START Data extract

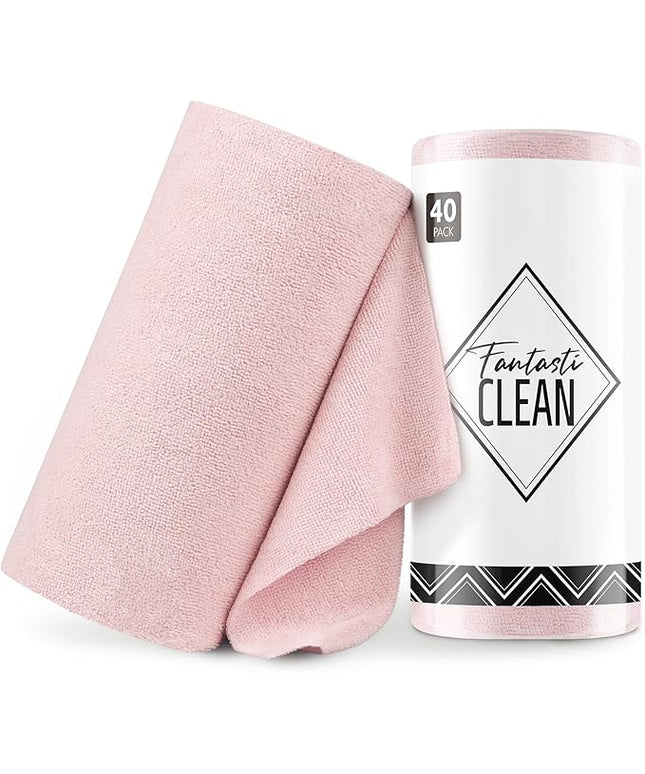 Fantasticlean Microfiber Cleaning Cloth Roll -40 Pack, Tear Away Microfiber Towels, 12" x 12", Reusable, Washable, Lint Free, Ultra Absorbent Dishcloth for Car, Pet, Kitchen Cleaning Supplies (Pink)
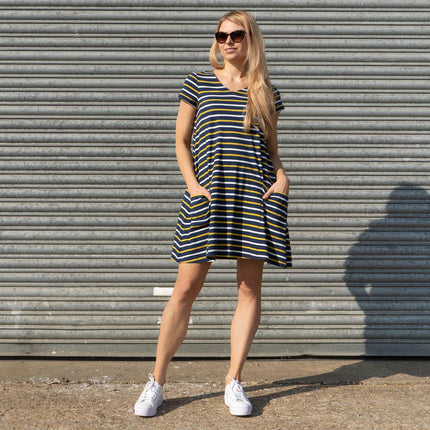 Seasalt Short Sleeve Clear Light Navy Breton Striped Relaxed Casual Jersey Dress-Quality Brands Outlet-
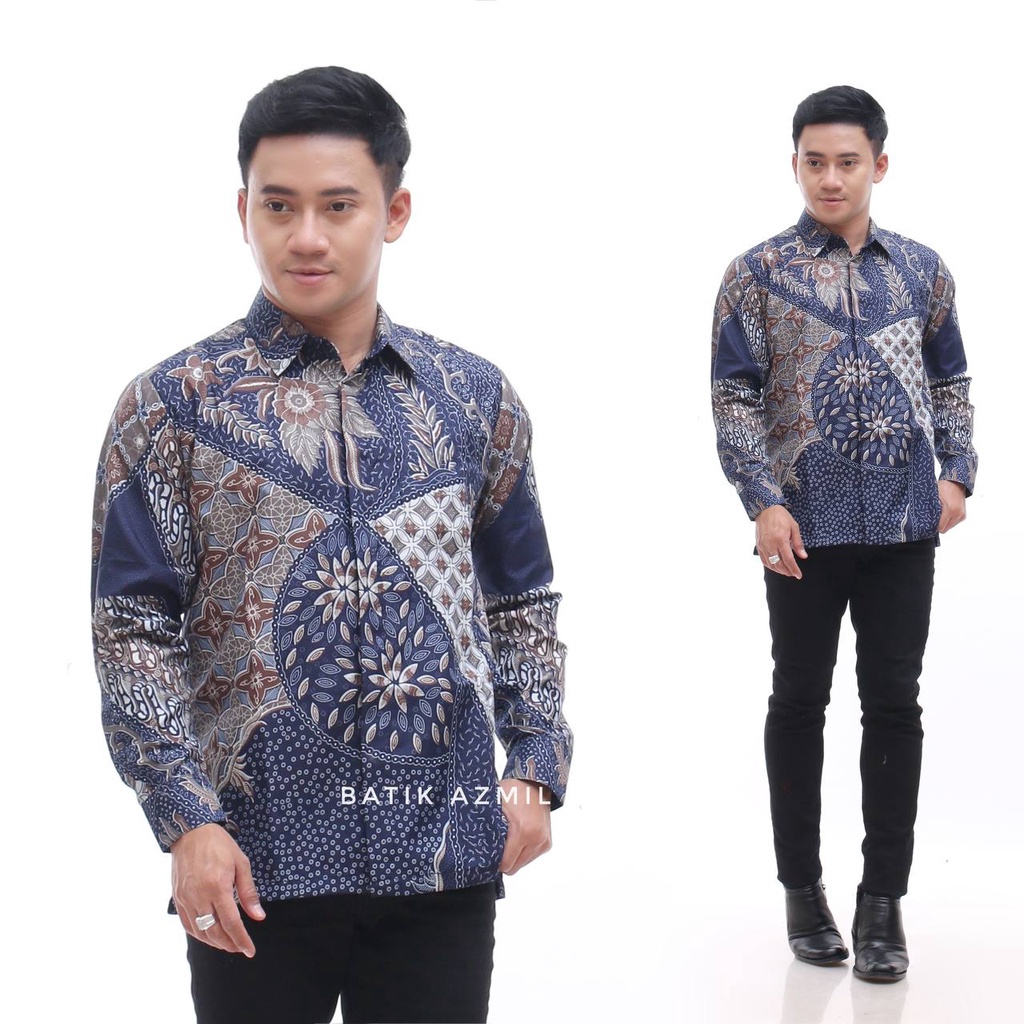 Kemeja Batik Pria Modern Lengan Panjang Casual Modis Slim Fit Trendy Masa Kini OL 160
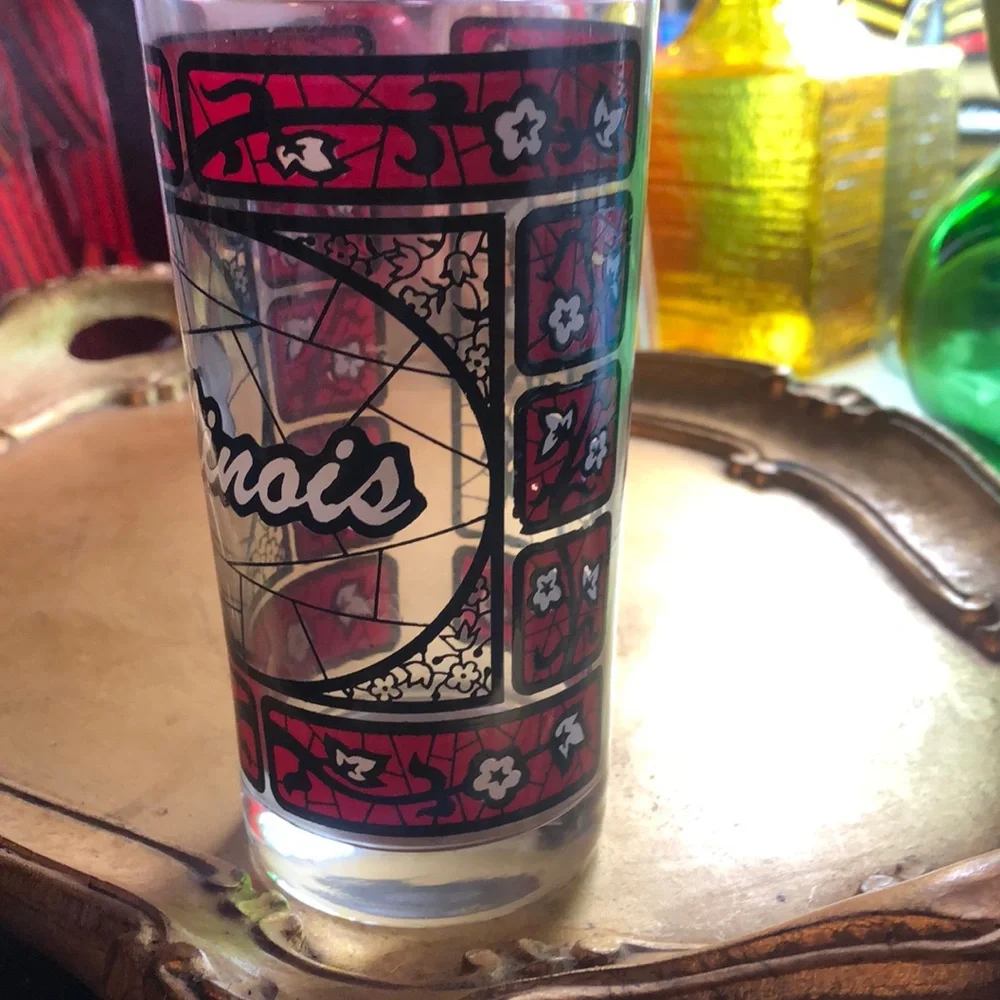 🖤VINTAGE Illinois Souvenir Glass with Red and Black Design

END Data extract
START Data extract

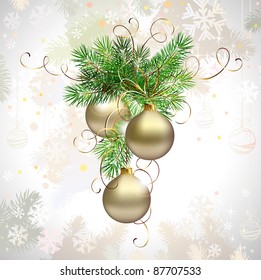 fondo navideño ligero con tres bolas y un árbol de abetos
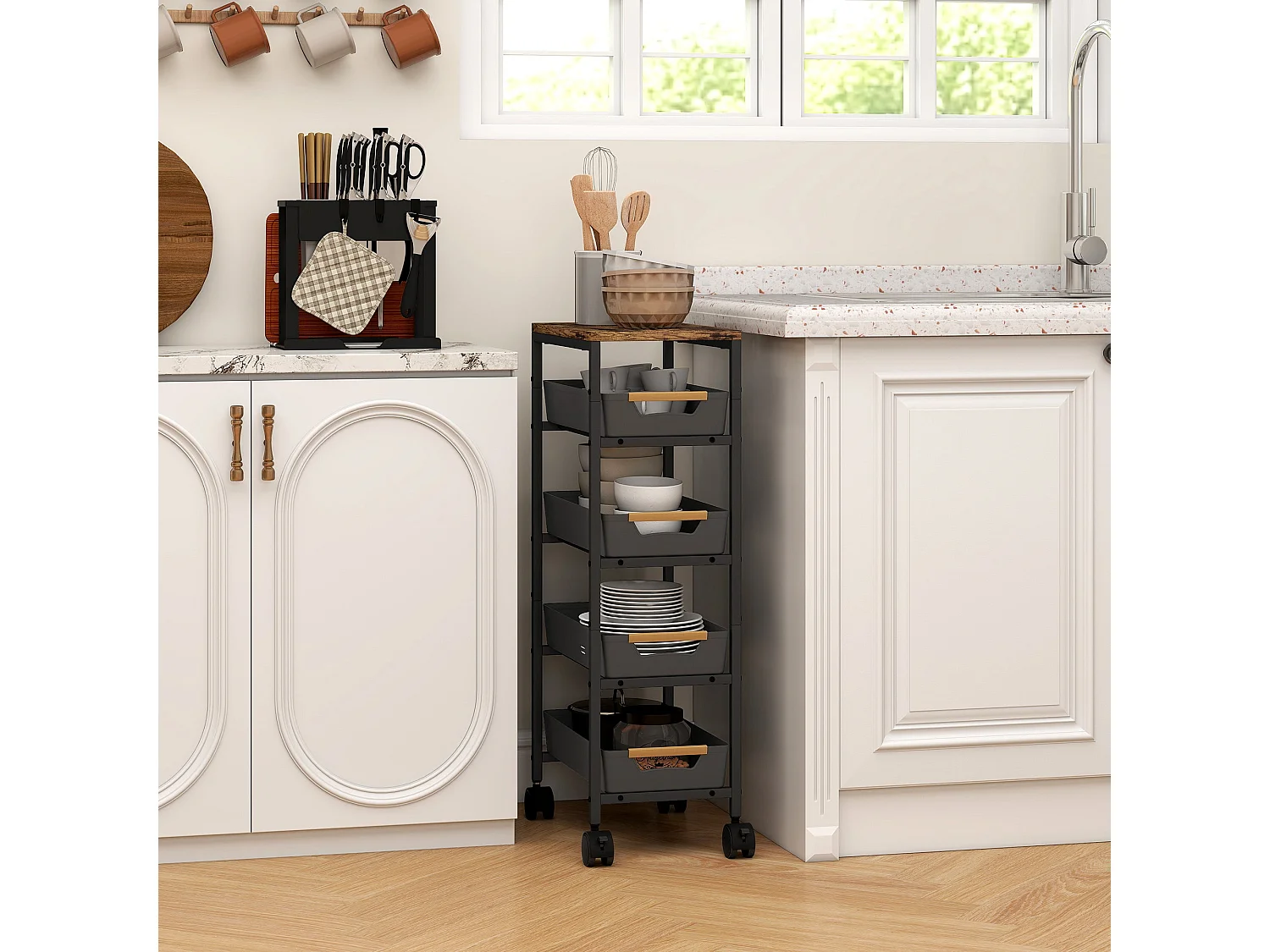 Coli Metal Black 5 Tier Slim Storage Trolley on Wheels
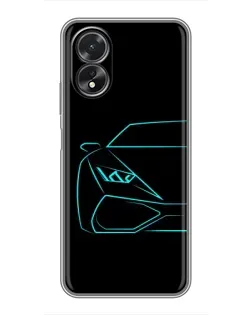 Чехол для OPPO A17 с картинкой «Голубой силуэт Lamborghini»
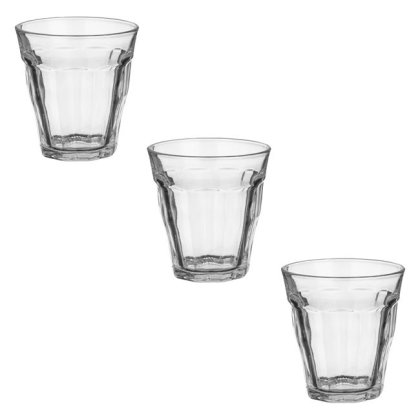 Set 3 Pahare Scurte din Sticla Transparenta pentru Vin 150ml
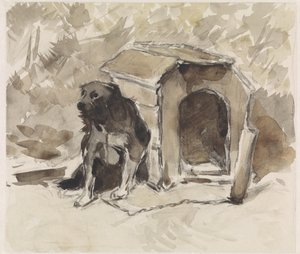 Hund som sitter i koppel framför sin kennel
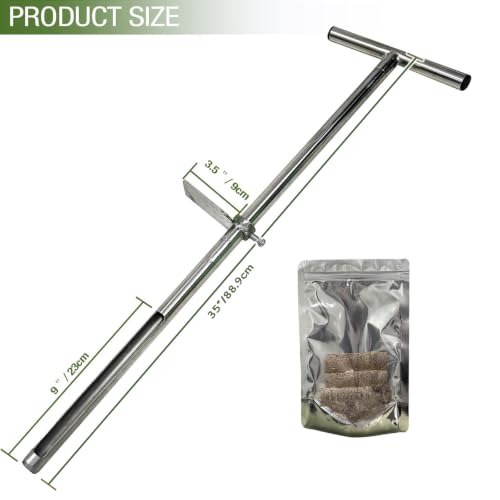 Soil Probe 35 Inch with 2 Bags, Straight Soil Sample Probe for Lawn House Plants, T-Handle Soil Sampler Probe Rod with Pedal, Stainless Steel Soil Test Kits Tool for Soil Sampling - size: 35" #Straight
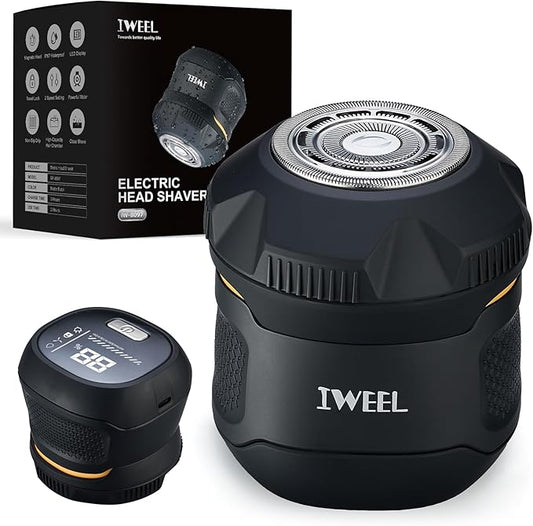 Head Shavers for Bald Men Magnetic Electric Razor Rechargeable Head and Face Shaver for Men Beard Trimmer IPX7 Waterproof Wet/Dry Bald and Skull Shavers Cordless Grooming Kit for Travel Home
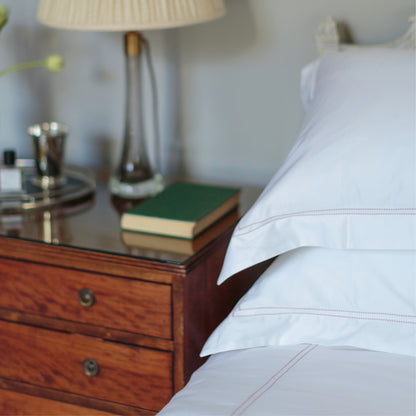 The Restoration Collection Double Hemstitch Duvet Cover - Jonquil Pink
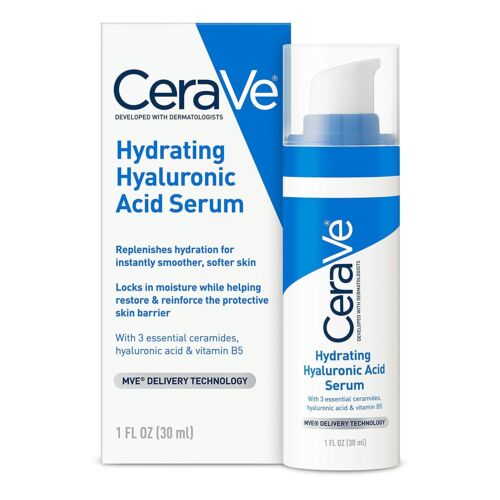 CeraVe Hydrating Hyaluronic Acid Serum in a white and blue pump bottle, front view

END Data extract

### [What you have to do]
Exact copy, pictures excluded: every line above from the one containing "Fantasticlean Microfiber Cleaning" to the one containing "and Black Design", inclusive, and nothing more.

### [Written response]
 Fantasticlean Microfiber Cleaning Cloth Roll -40 Pack, Tear Away Microfiber Towels, 12" x 12", Reusable, Washable, Lint Free, Ultra Absorbent Dishcloth for Car, Pet, Kitchen Cleaning Supplies (Pink)
 Seasalt Short Sleeve Clear Light Navy Breton Striped Relaxed Casual Jersey Dress-Quality Brands Outlet-
 Kemeja Batik Pria Modern Lengan Panjang Casual Modis Slim Fit Trendy Masa Kini OL 160
 🖤VINTAGE Illinois Souvenir Glass with Red and Black Design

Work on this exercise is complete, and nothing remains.